Jobs Act e legge di stabilità, come era logico prevedere, hanno lasciato più amarezza e gente scontenta che facce sorridenti, un po’ in tutte le categorie professionali. I due decreti attuativi, comunque, costituiscono due atti importanti che non sono sfuggiti all’analisi degli addetti ai lavori.

Nello specifico, i consulenti del lavoro hanno trovato pane per i loro denti, tanto che l’Ordine dei Consulenti del Lavoro di Varese e l’Associazione Nazionale Consulenti del Lavoro – Unione Provinciale (Ancl-up) di Varese hanno dedicato un approfondimento a Jobs Act e legge di stabilità, come testimoniano le parole dei due presidenti, Vera Stigliano per l’Ordine e Ferdinando Butto per Ancl-up Varese.

Con occhio tecnico – sostiene Stigliano -, dico subito che siamo solo all’inizio e che il dettato normativo, ancora una volta ambiguo e lacunoso, non fa che ostacolare la certezza e l’applicazione dei pochi strumenti messi in campo. Confesso che se il fine è ridare impulso all’economia, sostenere le imprese che assumono, ridurre la burocrazia, rendere credibile la giustizia e i suoi tempi, livellare le disparità, da questi due decreti rileviamo che le novità sono un ‘restyling’ degli ammortizzatori sociali e un correttivo al sistema dei licenziamenti e, francamente, questo ‘nonsense’ ci spiazza non poco”.

Dello stesso parere su Jobs Act e legge di stabilità è anche Butto, che precisa: “Ancora una volta un ‘pasticcio all’italiana’, dove chi scrive le norme non è sicuramente chi opera sul campo e soprattutto lo si fa sempre più in maniera poco chiara e con conseguenze che danno adito solo a varie interpretazioni. La legge di stabilità in sintesi consoliderà molti contratti a tempo determinato, creerà nell’immediato e magari per tutto quest’anno nuovi posti di lavoro, ma alla scadenza dei tre anni, se l’economia non dovesse ripartire, i datori di lavoro saranno costretti a licenziare anche chi è stato assunto a tempo indeterminato, generando ulteriore contenzioso. Ovviamente il Governo si è occupato dei lavoratori futuri e non di quelli presenti”.

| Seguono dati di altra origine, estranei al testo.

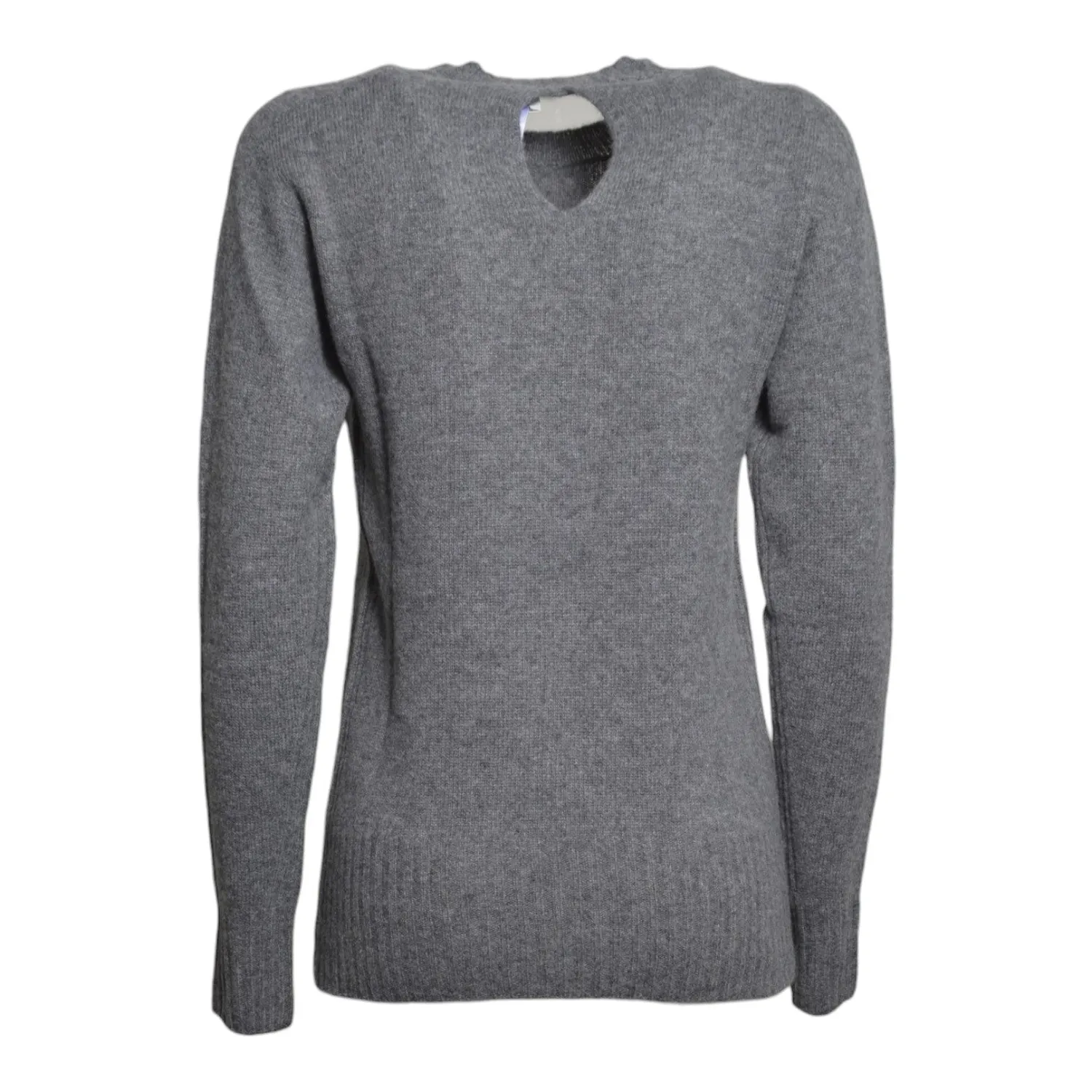 Solotre M3AC0015 cardigan grigio pietra donna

Un disinteresse per i lavoratori presenti cui Butto guarda con preoccupazione tanto quanto al fenomeno delle cosiddette “false partite Iva”: “Cosa dire dei giovani, troppo onerosi da assumere come lavoratori subordinati e quindi obbligati ad iscriversi e ad aprire partita Iva per entrare nel mondo del lavoro – prosegue infatti -. La legislazione ha concesso fino ad ora la possibilità di iscriversi come Contribuenti Minimi e la Legge di Stabilità ne ha modificato i parametri. I contribuenti minimi, ora ex, diventano i nuovi forfettari che con la nuova normativa saranno ulteriormente penalizzati. Con l’aumento dell’aliquota sostitutiva dal 5% al 15% e dell’aliquota Inps al 30,72%, i ricavi verranno dimezzati passando da 30mila euro a 15mila euro l’anno. La logica conclusione è che con questa tassazione non riusciranno più ad essere competitivi e saranno costretti ad applicare tariffe più alte per sopravvivere, con la conseguente perdita di lavoro e clienti. Bamboccioni o vittime delle tassazioni?”.

Come si vede, l’autogol sul regime dei minimi preoccupa anche i consulenti del lavoro. Per un Jobs Act che pare abbia mantenuto molto meno di quanto avesse promesso.

Partite Iva, pioggia di bombe su Renzi

Le partite Iva sono quelle che, forse, il premier Matteo Renzi si sarebbe aspettato come ultime dei nemici. E invece, dopo gli scivoloni a ripetizione del governo su professionisti, lavoratori autonomi e partite Iva, ecco che contro il presidente del Consiglio scatta il loro fuoco incrociato.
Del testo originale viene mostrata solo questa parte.